Se debe reconocer y valorar el trabajo de los diferentes profesionales en las diferentes ramas de la salud que se dedican a esta noble labor. Los profesionales de cuidados paliativos son personas entrenadas para tener una vida saludable física y emocional para poder transmitir esa sensación de confianza hacia el paciente y su entorno familiar. Convirtiéndose en un apoyo valioso para el manejo del dolor físico y espiritual, enfrentando cada día situaciones difíciles de atender, acompañando el dolor ajeno con serenidad, empatía como si no existiera ningún problema aparentemente, implicando muchas veces involucrarse emocionalmente, ante familias devastadas, sin ninguna oportunidad de aliento o alivio del dolor espiritual.

El impacto de los cuidados paliativos se enfoca en el paciente; aliviando el sufrimiento de él y su familia. Por medio de la orientación, el apoyo emocional y la comunicación clara y efectiva, los equipos multidisciplinarios de salud dan soporte además del paciente a los familiares para comprender el proceso y a encontrar consuelo.

La práctica de los cuidados paliativos nos invita a una reflexión y actuar de una manera más directa hacia lo que hacemos. Por lo que nos hacemos las siguientes interrogantes: ¿Cómo tratamos el dolor, la enfermedad y la muerte? ¿Cómo tratamos al paciente, su familia y el duelo? ¿Fomentamos valores espirituales desde que estamos pequeños? Los cuidados paliativos nos enseñan que enfrentar el dolor con compasión comprometida como personal de salud y ver al paciente desde una perspectiva humanista, ante la sociedad. Nos recuerdan que toda persona enferma, con su fragilidad, conserva su valor y merece respeto, consuelo y amor traducido en acción.

Al conmemorar los cuidados paliativos, se pretende: sensibilizar y promover una cultura del cuidado compasivo. Las instituciones de salud, las universidades y las comunidades deben practicar la sensibilidad en todo momento y resaltar esta práctica en el mes de octubre, recordando que la vida y lo espiritual van de la mano y bajo esta perspectiva, hay que entender los dos tipos de dolor (Físico y emocional), que sufre el ser humano, ante un suceso inesperado.

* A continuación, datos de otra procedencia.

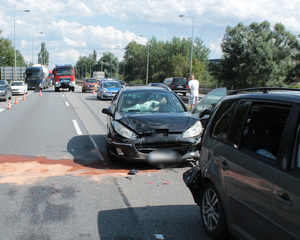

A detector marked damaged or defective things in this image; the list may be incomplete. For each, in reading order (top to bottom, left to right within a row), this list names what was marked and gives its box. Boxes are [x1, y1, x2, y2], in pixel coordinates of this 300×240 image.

Es bueno recordar que aliviar el dolor físico y espiritual es un compromiso de humanidad. No solo es el hecho de dar un tratamiento médico, sino de brindar acompañamiento, comprensión y consuelo. Cada persona que trate a un paciente en fase final de vida, debe hacerlo con respeto, empatía, compasión y amor.

Los cuidados paliativos nos muestran que la vida conserva su valor hasta el último instante, y que cada ser humano merece ser tratado con dignidad, respeto, amor y equidad sin importar su condición, física, económica, ni su forma de pensar. Fomentando una visión de responsabilidad, respeto por parte del personal de salud, y las personas de su entorno social.

El dolor físico y espiritual se debe tratar según sea el caso, y no verlo como una persona enferma más, que hay que cuidar, es una misión profundamente humana, que se debe identificar con el ser humano en toda su esencia.